**Input data**
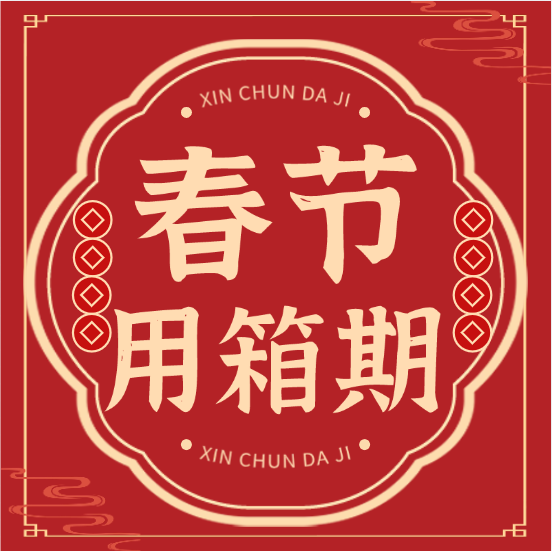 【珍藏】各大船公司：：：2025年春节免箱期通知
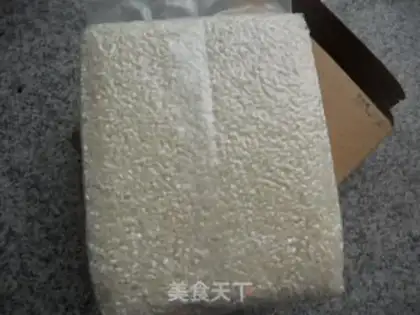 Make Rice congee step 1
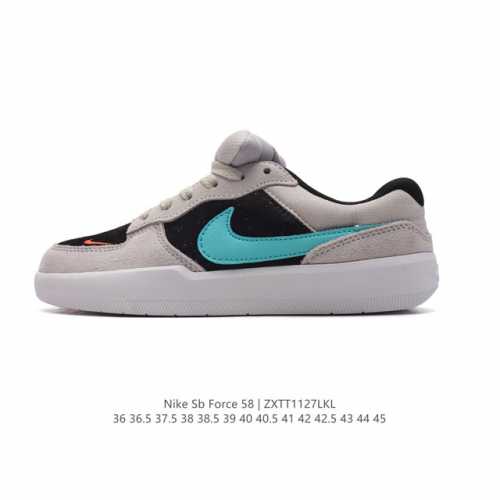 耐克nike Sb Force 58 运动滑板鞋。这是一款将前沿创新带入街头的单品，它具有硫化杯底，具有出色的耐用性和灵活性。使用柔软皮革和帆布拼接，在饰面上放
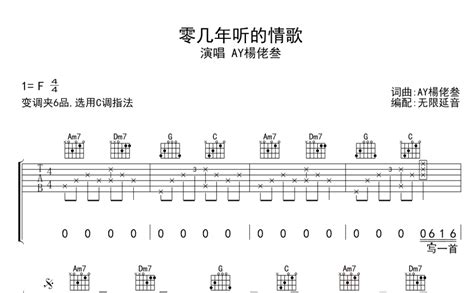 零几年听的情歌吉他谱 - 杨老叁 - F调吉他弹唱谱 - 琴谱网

==

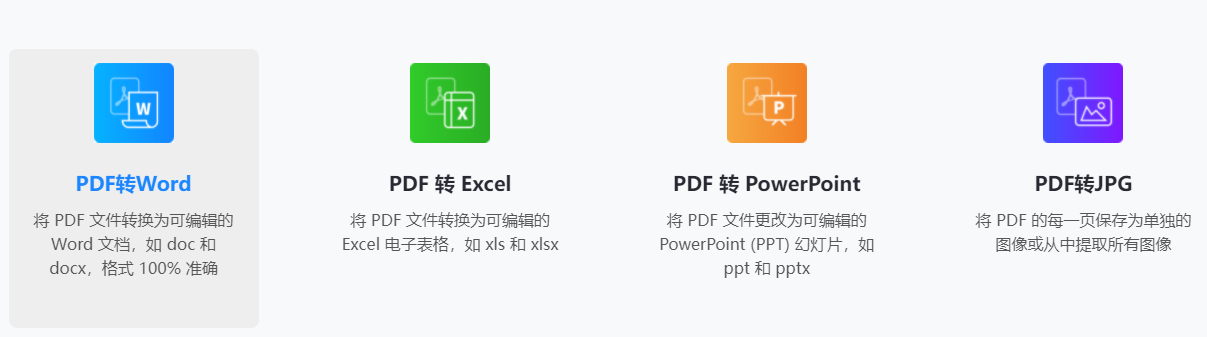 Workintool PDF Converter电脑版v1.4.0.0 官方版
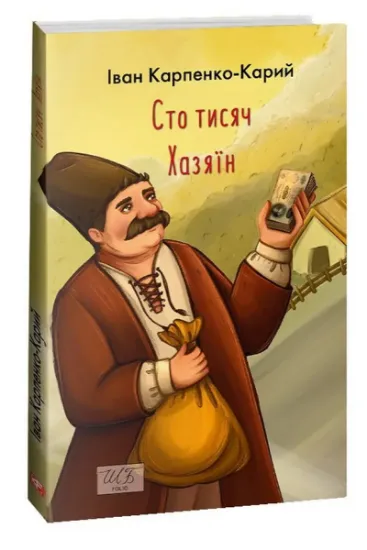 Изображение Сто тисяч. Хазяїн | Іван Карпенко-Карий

**Exercise goal**
Out of the records above, return only the lines from the one with "Make Rice congee step 1" through the one with "零几年听的情歌吉他谱 - 杨老叁 - F调吉他弹唱谱 - 琴谱网", exactly, and none of the pictures.

**Task result**
 Make Rice congee step 1
 耐克nike Sb Force 58 运动滑板鞋。这是一款将前沿创新带入街头的单品，它具有硫化杯底，具有出色的耐用性和灵活性。使用柔软皮革和帆布拼接，在饰面上放
 零几年听的情歌吉他谱 - 杨老叁 - F调吉他弹唱谱 - 琴谱网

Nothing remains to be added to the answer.